Working around shell command-line wildcard limitations
Published January 5th, 2009Problem Statement
The most commonly used shell in CentOS is /bin/bash and like other shells such as /bin/sh, /bin/tcsh, it has command line limitations. One such limitation is the wildcard expansion size. For example, say you have a directory with thousands of files or subdirectories and want to run the rm command to remove only files with .php extension using rm -f *.php, you will run into the wildcard limitation of the shell. Here we will show you a simple work around.
Trying to delete a lot of files in a directory with thousands of files using rm -f *
Say you are trying to delete all PHP files using rm -f *.php in a directory with thousands of PHP cache files generated by the Smarty template engine, in such a case you will see an error message from shell such as the following:
/bin/rm: Argument list too long
What happened is that shell tried to expand the wildcard *.php and placed the file list in rm’s command-line argument list.
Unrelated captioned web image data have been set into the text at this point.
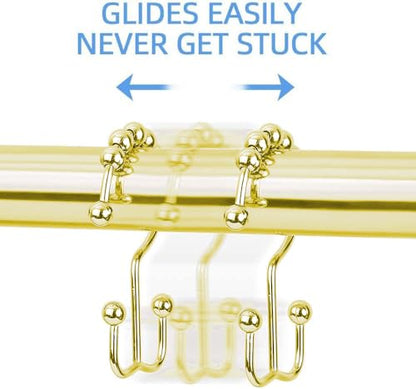 DAWNER Shower Curtain Hooks Rings, Rust Proof Hooks, Metal Easy Glide Double Shower Rings Hooks, Stainless Steel Shower Curtain Hangers for Bathroom Shower Curtains, Set of 12 Hooks, Gold Color - color: Gold
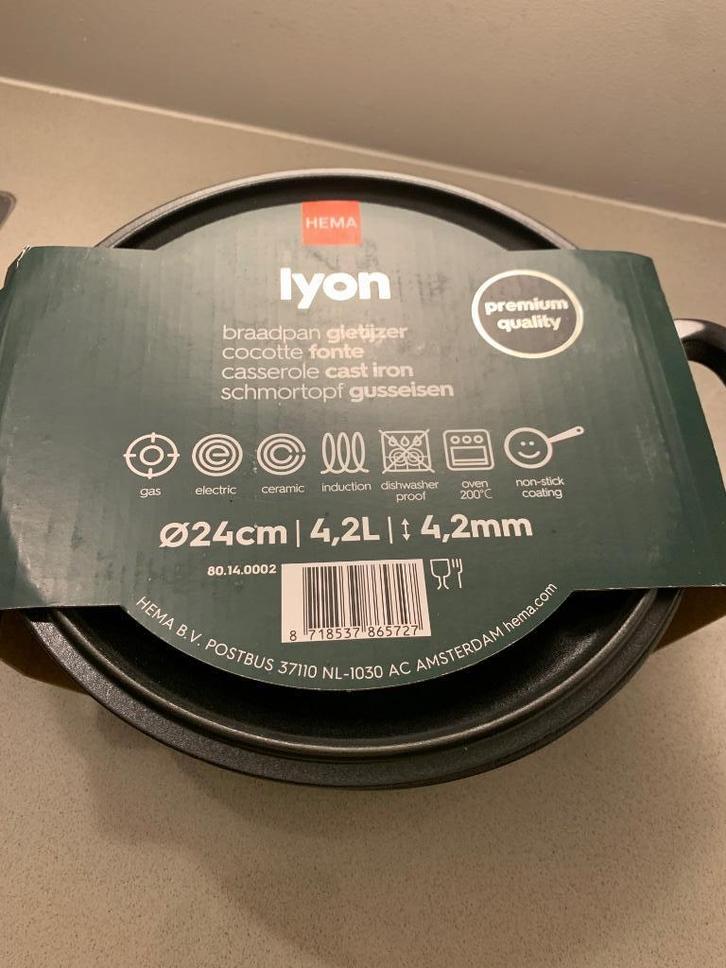 braadpan Lyon gietijzer Hema, Huis en Inrichting, Keuken | Potten en Pannen, Nieuw, Koekenpan of Braadpan, Gietijzer, Inductieplaat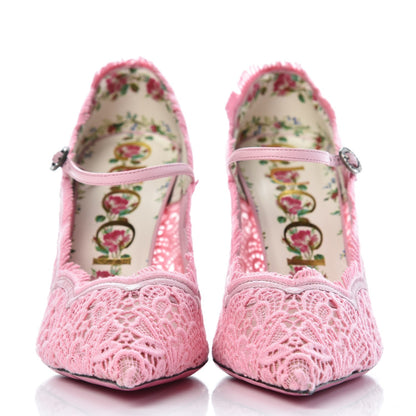 Gucci Lace Pizzo Venice Pumps 39 Sugar Pink 2 of 10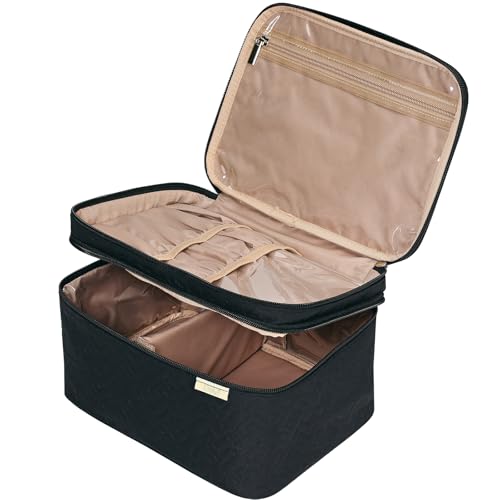 NISHEL Large Makeup Bag Organizer, Double Layer Cosmetic Travel Case - color: Black, size: Large
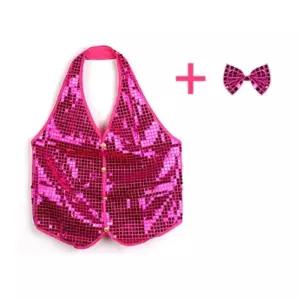 반짝이조끼세트(핑크)-대 반짝이 마술의상 사옷 마술용 파티 리본 보우타이 반짝이보 행사
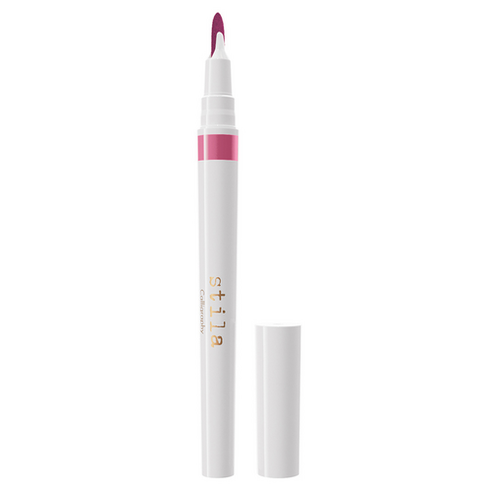 Stila Calligraphy Lip Stain in rose nude with fine tip applicator. Delivers smooth, precise lip color in a sleek pen format.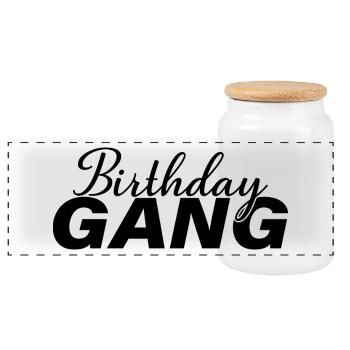 Geburtstag Gang Matching Gruppe Geburtstagsfeier Geschenk - Panorama Keksdose mit Holzdeckel - Weiß - Vorne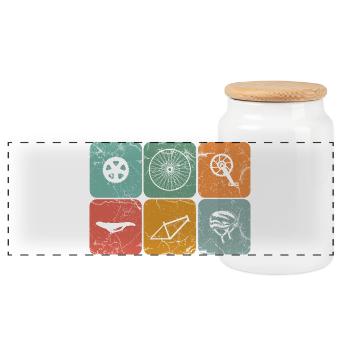 Biking Cycling Vintage Bicycle Parts Cyclist Gifts - Panoramic Cookie Jar with Wooden Lid - white - Front
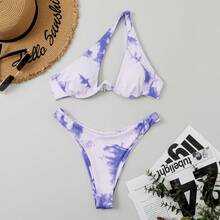 Nuevo y popular traje de baño de dos piezas para mujer, sexy y multicolor, bikini de un solo hombro con aros. - Tie-dye 10 - Ver 1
Since each command-line argument list is really an array and there is a limit to how many arguments can be stored in a process’s memory space, it fails.
Using a workaround for wildcard expansion problem for commands like rm
The easiest solution is to run the find command and execute rm one by one for each matching file. For example, to delete all PHP scripts in a directory, you can run:
$ find . -type f -name "*.php" -exec rm -f {} \;
This tells the find command to find all files matching the given wildcard (*.php) and execute the rm -f command on each of the matching file. Thus, this command can avoid the wildcard expansion issue as the rm -f command sees only one argument at a time.